I finally came to the conclusion that I possibly had thrown it away by mistake (!), and right before I started looking for another one (they're not easy to come by, them 36hp flywheels), I gave a call to my friend Laurent, to ask if I had not left my flywheel at his workshop when we closed the engine block...
I didn't expect much as I thought I remembered him telling me it would be better to keep all the parts together...
But he told me "yes, sure your flywheel is here!!".
GRRAAaaaaRRRGHh!!!! So much time lost! Damn, I could kick myself in the ass! #StupidOfTheYear
Anywayyyyy...
On my flywheel, the oil seal running surface was pretty dull : some pitting, lots of oxydation... In order to avoir any oil leakage from there, I had to do something about it.
So I polished the running surface, starting with dry sandpaper 320 / 400 / 600 grit, then with oil (WD40 is your friend) 800 / 1000 / 1200 / 1500 / 2000 grit. I ultimately use 3 polishing compounds, of increasingly finer grit, applied with a felt wheel on my Dremel tool.
I take this opportunity to ever so slightly round the top angle, to make sure the oil seal won't get damaged when putting everything together.
And Tadaaaa!

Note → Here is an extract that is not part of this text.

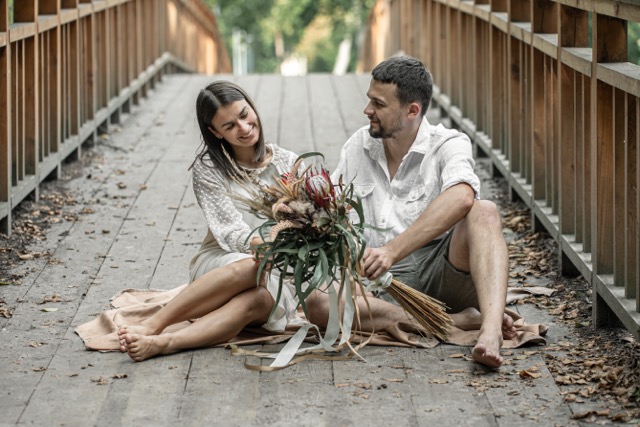 Happy marriage couple sit on the bridge and enjoy communication, a date in nature, and a love story.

Shiny-shiny!
Now comes the time to adjust the axial play of the crankshaft ; it has to be comprised between 0.07 mm and 0.13 mm, ideally in the lower part of this range, to take into account the parts wearing out.
That's the opportunity for me to bring out my BIG torque wrench, the one I use to reach the 35 mKg needed to properly tighten flywheels and rear wheels' central nut.

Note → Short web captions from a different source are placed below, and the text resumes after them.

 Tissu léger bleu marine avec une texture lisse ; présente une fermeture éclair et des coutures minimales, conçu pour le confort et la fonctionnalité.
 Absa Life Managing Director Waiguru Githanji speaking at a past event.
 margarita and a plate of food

First step, find a set of shims, cuz' as expected, the ones I have don't allow me to adjust the play correctly... And as usual, the 36hp shims aren't the same as Type 1's, and much harder to source!
Long story short, I buy a couple of 0.32mm shims from VW Classic Parts, take out the ones in my original engine, and I end up with a pretty good assortment of shims in various thicknesses, plus 3 paper gaskets of various thicknesses.
Without the paper gasket between the flywheel and the crankshaft, I get a little over 0.03mm of end play, measured with a dial indicator. After 4 assembly/torquing/disassembly sessions, I manage to find the right set of 3 shims (always install 3 of them, for relative rotation speed reasons) to get 0.10mm of end play with the paper gasket on. I would have prefered it to be a tiny bit tighter, like 0.08mm, but it will do. I give the oil seal a good dose of lubricant, put the flywheel on, and torque the central nut (with a drop of blue Loctite medium threadlocker).
Just for later reference, if you ever had to look for 36hp shims : here are the VW references. Good hunting! :
111 105 281 : 0.24 mm
111 105 283 : 0.30 mm
111 105 285 : 0.32 mm
111 105 287 : 0.34 mm
111 105 289 : 0.36 mm
You can get reproductions from BBT, but at 6€ a piece, I find it a bit expensive... And make sure you deburr them before use!
The flywheel had been re-surfaced and balanced with the crank and clutch assy (work done by Slide Perf in March 2012!! It's really high time for me to finish this engine! ).
A "1" mark had been stamped to make sure the flywheel is in the same position as it was balanced ; same for the clutch assembly, with a "0" mark. At least, the bloody thing shouldn't wobble around.
The flywheel, clutch disc and clutch mechanism running surface are thoroughly cleaned using brake cleaning fluid before assembly.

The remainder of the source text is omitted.